As the build was to include garages both front and rear of the house, the number and spread of built structures meant that this quarter acre block was effectively fragmented into several small and disconnected spaces. These needed to relate to each other but also be an expression of the varied conditions and outlooks from the house.

The clients had a large number of pre-purchased plants, namely Magnolia grandiflora, Buxus sempervirens and Ficus hillii that they wanted to use. It was decided not to use the Ficus due to their invasive root systems, given the small size of the garden spaces and proximity to the house. The Magnolias were spaced down the driveway and underplanted with pruned Buxus, to draw the eye to the Copper Beech. The Buxus were repeated in the front garden but left unpruned. On the other side of the driveway a compact form of deciduous Magnolia were planted to form sculptural shadows against the house wall and underplanted with Gardenias; the perfume of both on a warm evening would waft up through the bedroom windows.

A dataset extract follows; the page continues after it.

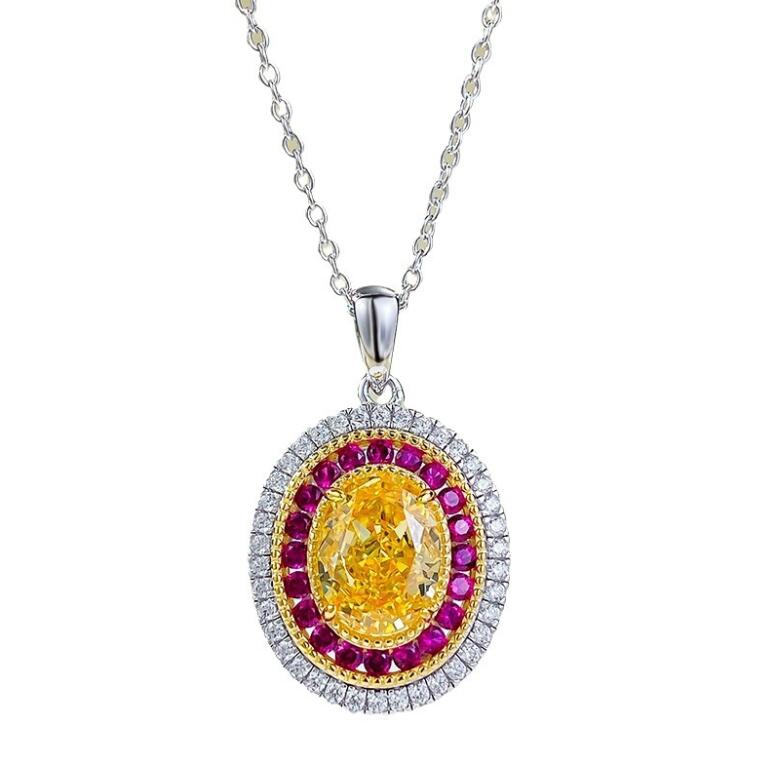 Sterg Sier Moissanite Pendant Necklace | Oval Yellow Dia Elegance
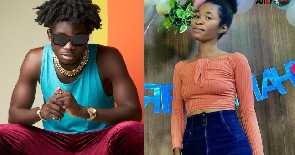 Kuami Eugene and his house help, Mary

The front garden surrounds a carport and second parking space and is shadowed by several large Eucalypts and Oaks on the verge. Plants choices had to be able to cope with this root competition as well as short periods of full summer sun due to the westerly aspect. A combination of rounded shrubs, upright perennials, deciduous feature trees and climbers were employed to give visual and sensory interest for as much of the year as possible. The numerous hard surfaces were softened by use of cascading Casuarina glauca or espaliered Trachelospermum jasminoides.

To the rear of the house the entertaining area is over two levels. The upstairs deck has distant views in two directions, though these are marred somewhat by the rooves of adjacent properties. Narrow, columnar trees and/or trellised climbers are utilised to screen to a prescribed height without obscuring the views and without impinging on the limited space for access paths. A Magnolia soulangeana ‘Black Tulip’ is planted beside the deck to screen the neighbouring backyard and perfume the deck in spring. At the bottom of the steps the ground has been levelled to incorporate a much coveted pizza oven and provide seating while they cook.

Again, the intersection of several hard surfaces has been softened with planting, repeating species used in the front garden in addition to culinary herbs. Steppers through a prostrate groundcover traverse the slope between the garage and the house to access the utilitarian side of the building. As this area will be used to accommodate the dogs it is gravelled and contains only hardy, non-poisonous species. The kitchen window has been screened from the neighbouring house with columnar Crabapples and given a green outlook with trellised climbers attached to the fence.

Below the garage is a small space for the productive gardens and chooks. To protect from the dogs this is fenced and the entry highlighted by a lych-gate. Where possible vertical spaces are utilised by trellising fruit trees and climbers. Raised vegetable and herb beds provide ease of access, protection from the chooks and facilitate drainage on these otherwise heavy volcanic soils.